== Work task ==
Among the lines of the listing below, retype exactly those from the one containing "離子光波去眼袋后注意事項" through the one containing "<p>Esophageal Necrosis Endoscopy", both included. Do not include pictures.

== Source data ==
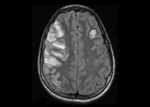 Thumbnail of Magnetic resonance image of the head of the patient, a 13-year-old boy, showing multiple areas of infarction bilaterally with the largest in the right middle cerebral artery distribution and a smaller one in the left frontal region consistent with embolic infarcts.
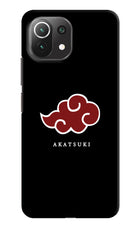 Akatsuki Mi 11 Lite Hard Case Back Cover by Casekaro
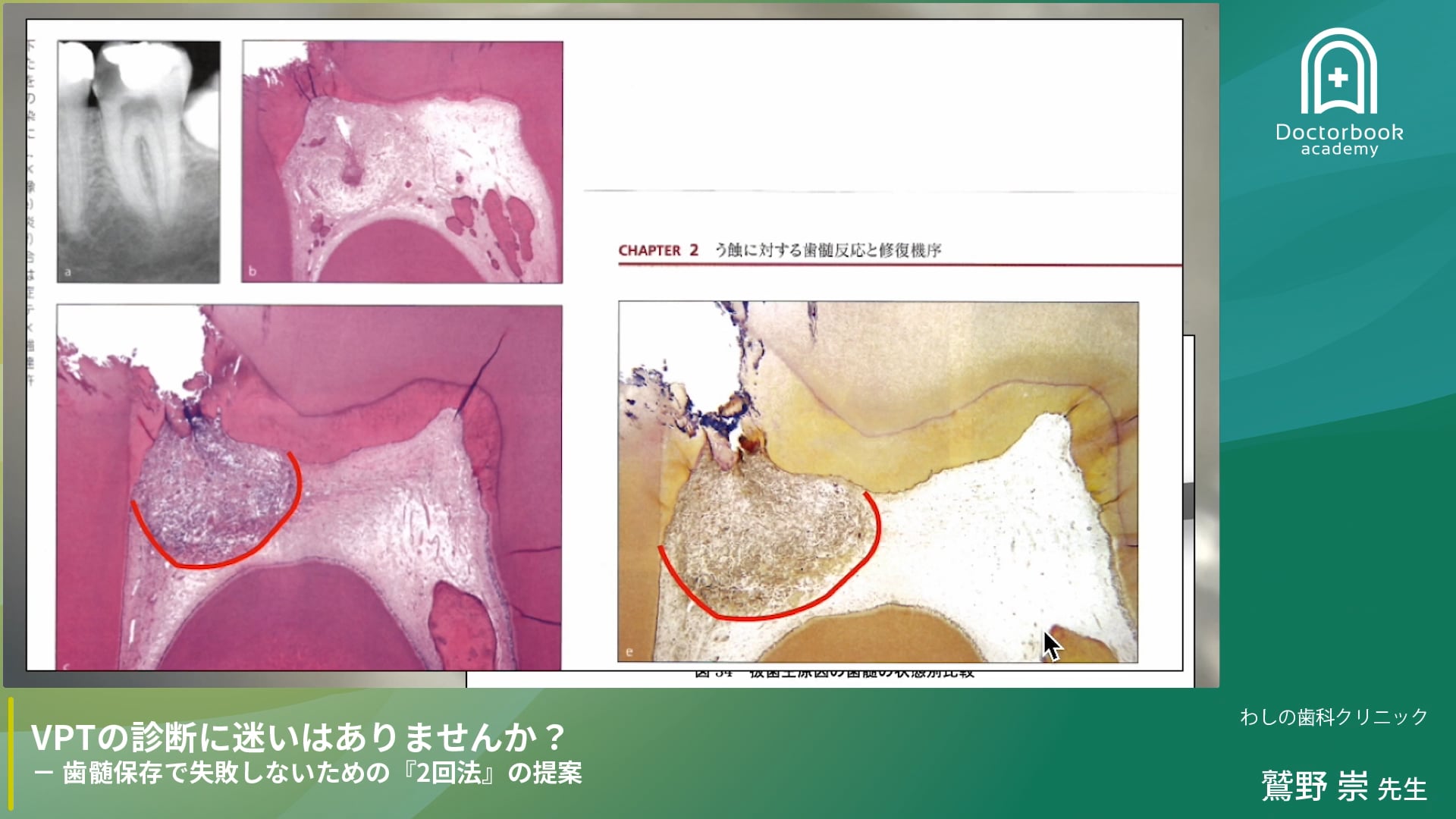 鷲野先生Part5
==
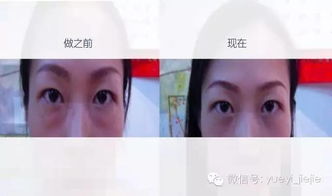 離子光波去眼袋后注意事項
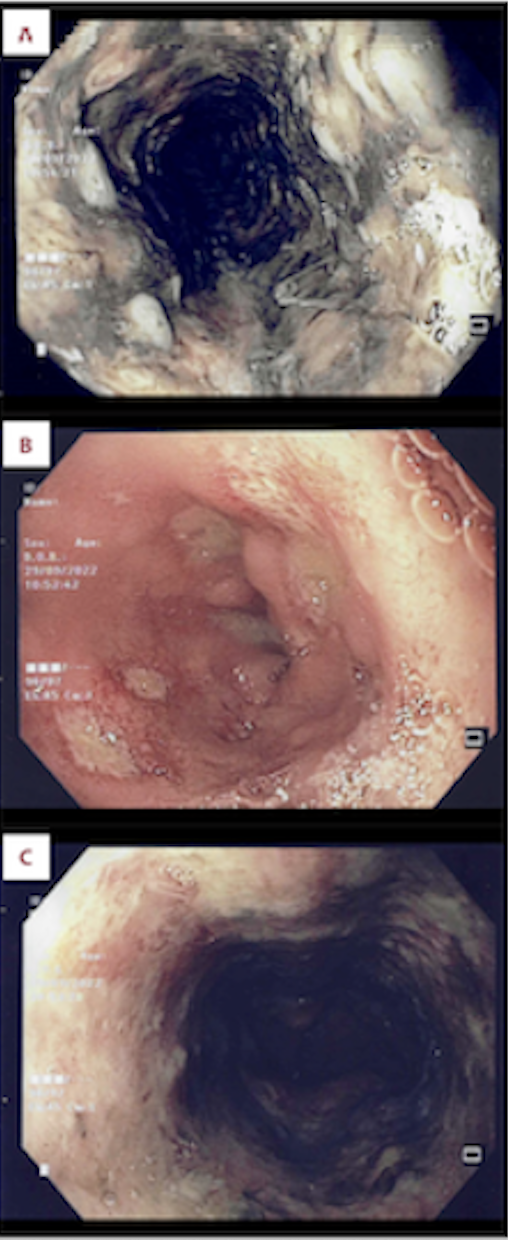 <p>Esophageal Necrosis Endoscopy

== Written solution ==
 離子光波去眼袋后注意事項
 <p>Esophageal Necrosis Endoscopy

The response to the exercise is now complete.